Kein Votum für passiven Widerstand.

Immerhin ist das Verdienst dieses Filmes von Lars Kraume nach dem Buch von Dietrich Garstka, das Thema passiver Widerstand in szenischer Dichte anhand einer Begebenheit in der DDR noch vor dem Mauerbau zum Reflektieren vorzulegen. Möglicherweise mit der deprimierenden Erkenntnis eines weiteren Beweises dafür, dass der Boden für Revolutionen auf deutschem Boden nicht fruchtbar sei.

Mit einer Schar talentierter junger Schauspieler, allen voran Leonard Scheicher als Theo und Tom Gramenz als Kurt, die er auch ausgezeichnet führt, greift Lars Kraume eine kleine Begebenheit aus einem Gymnasium in Stalinstadt anno 1956 auf.

Als spontane Aktion auf den Ungarnaufstand und dessen blutige Niederschlagung entschließt sich eine Klasse für zwei spontane Schweigeminuten. Alle machen mit. Keiner sagt ein Wort. Innert dieser zwei Minuten erhitzt sich der Lehrer zur Weißglut – so wirksam kann passiver Widerstand sein – und bevor er zornentbrannt das Zimmer verlässt, bricht Erik (Jonas Dassler) das Schweigen und klärt auf mit dem Satz, es handel sich um eine Protestaktion.

Die Geschichte von der Schweigeminute nimmt ihren Weg wie eine Lawine. Vom Klassenzimmer zum Rektor, von diesem zur Kreisschulrätin und von da bis zum Volksbildungsminister.

Wenig Zeit nimmt sich der Film zum Aufspüren allfälliger verunsichernder Wirksamkeit der Aktion auf der Hierarchie- und Bürokratieseite.

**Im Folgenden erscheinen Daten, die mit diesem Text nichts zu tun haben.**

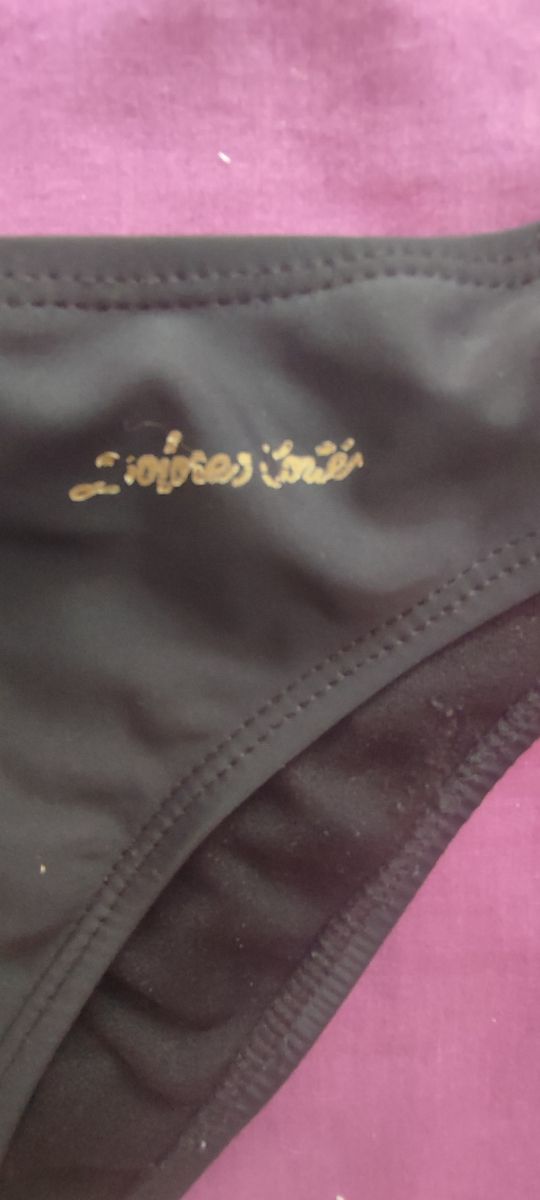 braga de bikini Dolores Cortés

Viel Zeit dagegen nimmt sich der Film für die Schilderung der repressiven und Sippenhaftmaßnahmen, die offenbar wie mechanisch (tote Mechanik) zu greifen anfangen: Einzelverhöre, Behauptung eines zu findenden Rädelsführers, Erpressung Einzelner, Versuche, die Gruppe zu verunsichern und auseinanderzudividieren mit dem Vorgaukeln nicht abgegebener Geständnisse, Hineinziehen der Familien der Schüler, Drohung, von der Schule zu fliegen und auch Familiengeheimnisse öffentlich zu machen – alle diese primitiven Herrschafts- und Druckmittel – und die entsprechenden Diskussionen unter den Erpressten, ob lügen, ob schweigen, ob auspacken, ob denunzieren, ob Verrat üben. Repressionsbrevier.

Zur bannenden Atmosphäre tragen Kostüm und Ausstattung bei – und das Licht, das diese besonders schön ausstellt, fast wie im Museum. So viel ärmellose Strickwesten akkurat angezogen, Strickschals – so erweckt der Film teils selbst diese Akkuratesse und ein Hauch Erinnerung an die beachtliche DDR-Filmkultur. Aber dass bei jeder Szene auf der Straße just ein bis zwei Autos vorbeifahren scheint mir ein kleines Too Much zuviel.